WHAT YOU HAVE TO DO: Please reproduce the lines of the records below from the one holding "See all of Port" through the one holding "H:186 / C:89 / W:71 / H:92 着用サイズ:M", inclusive, skipping all pictures.

PROVIDED RECORDS:
=== Section Start ===

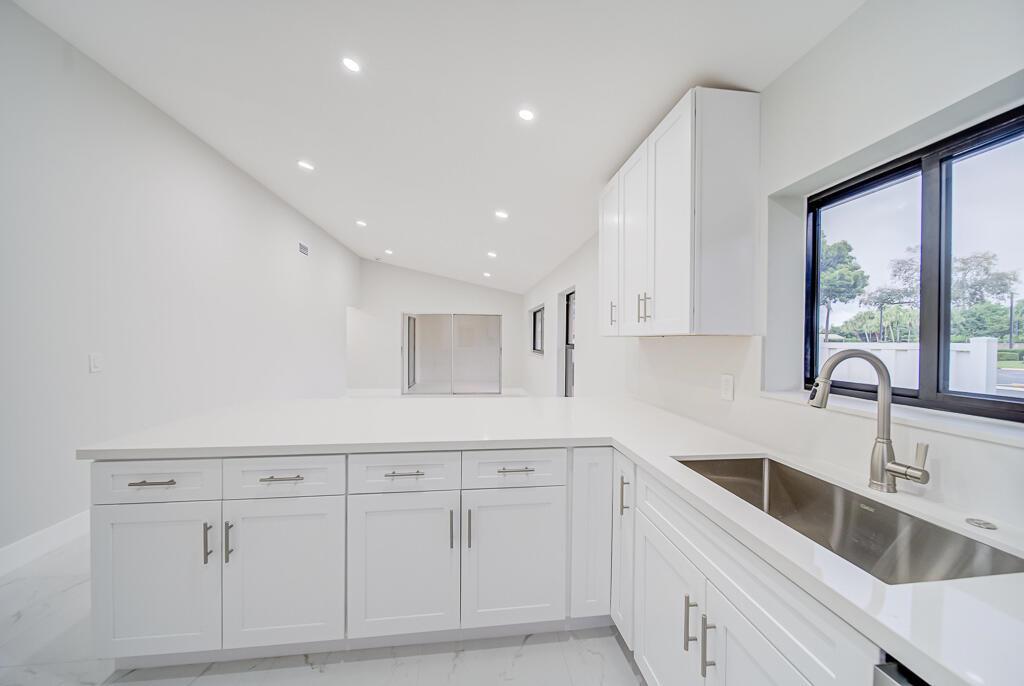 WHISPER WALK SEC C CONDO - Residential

=== Section End ===
=== Section Start ===

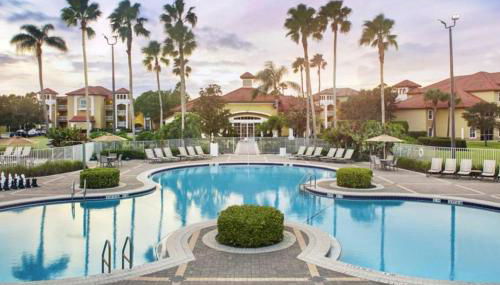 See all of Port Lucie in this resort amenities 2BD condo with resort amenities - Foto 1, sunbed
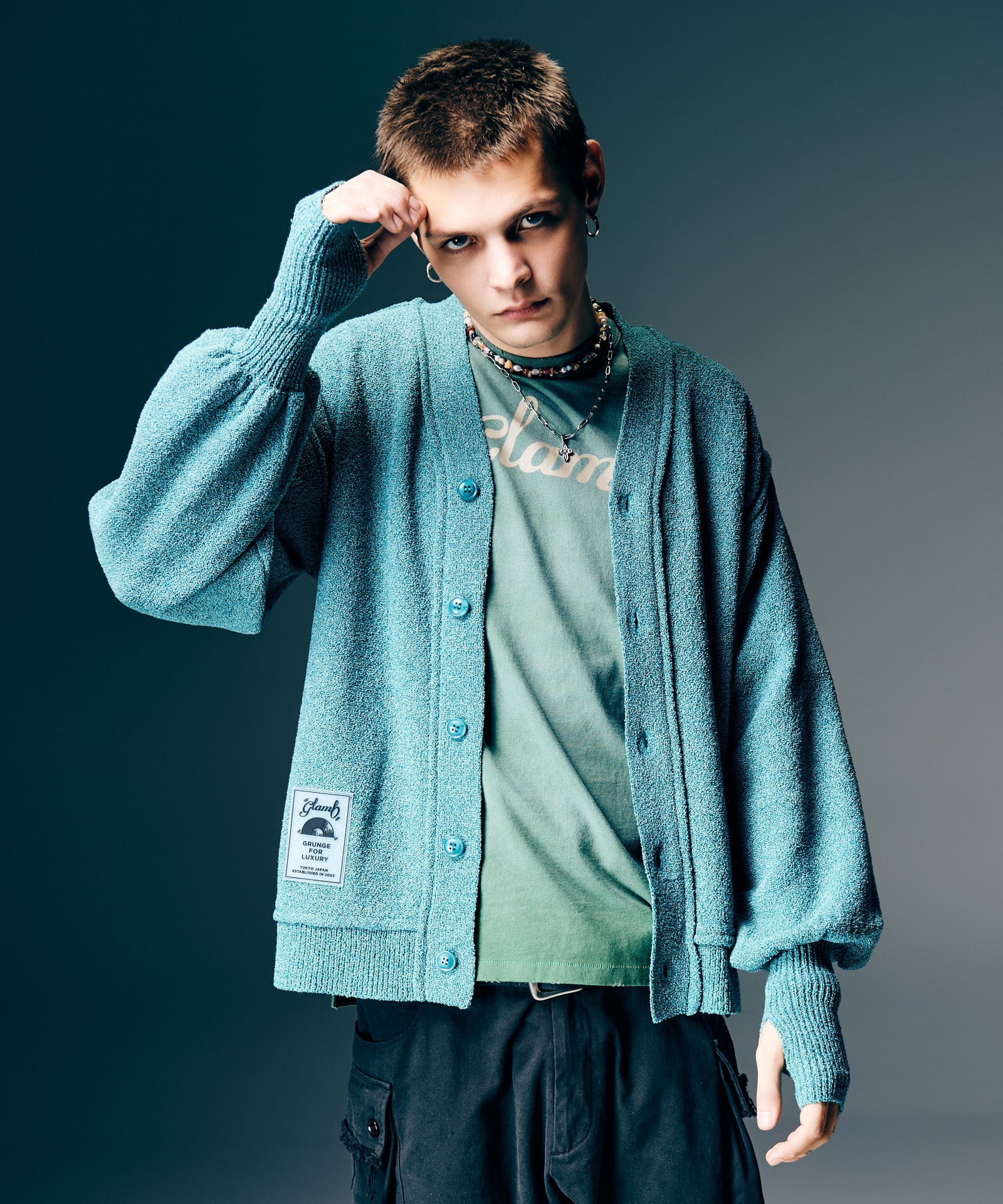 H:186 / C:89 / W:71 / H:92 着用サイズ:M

=== Section End ===
=== Section Start ===

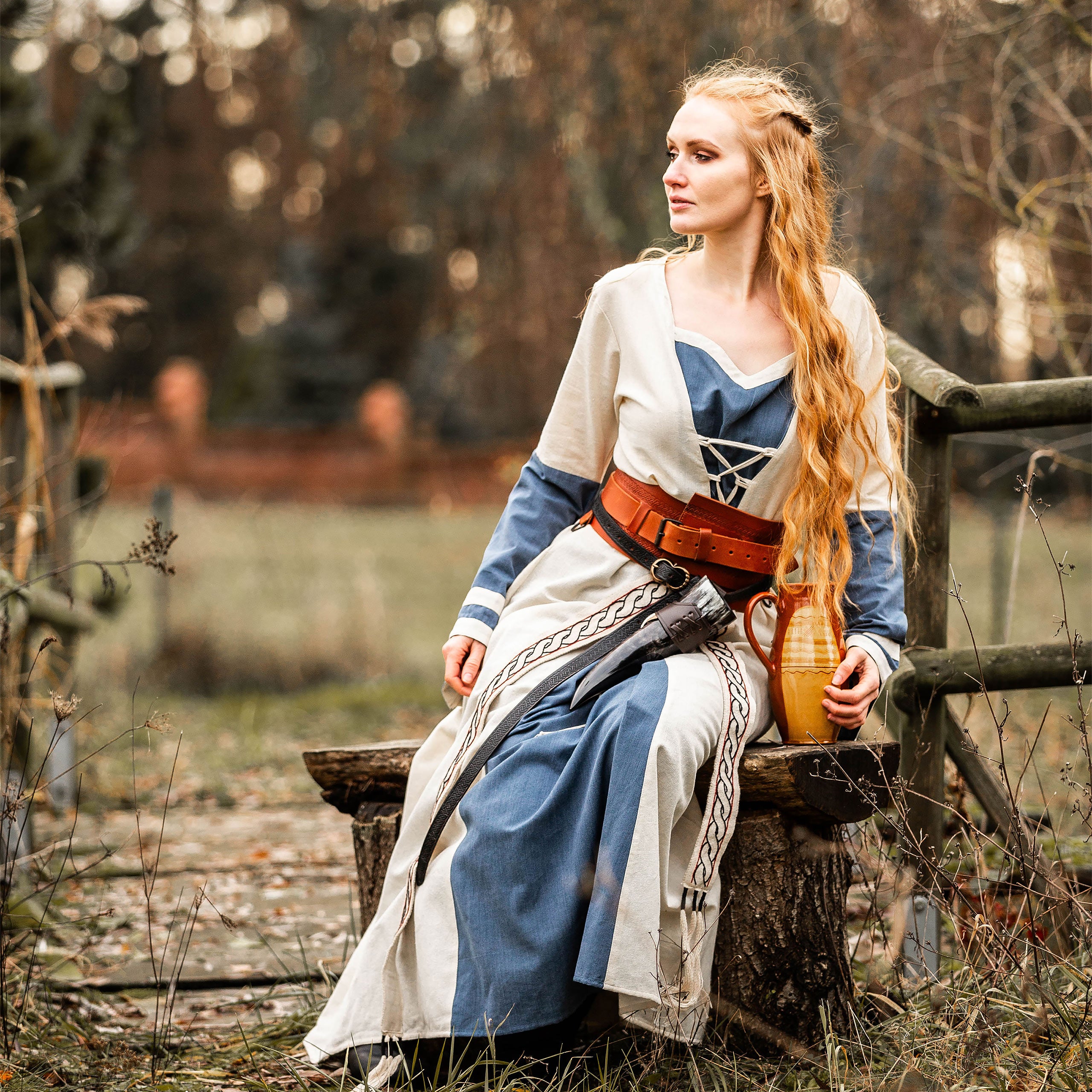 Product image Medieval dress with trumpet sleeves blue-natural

=== Section End ===

RESPONSE BELOW:
 See all of Port Lucie in this resort amenities 2BD condo with resort amenities - Foto 1, sunbed
 H:186 / C:89 / W:71 / H:92 着用サイズ:M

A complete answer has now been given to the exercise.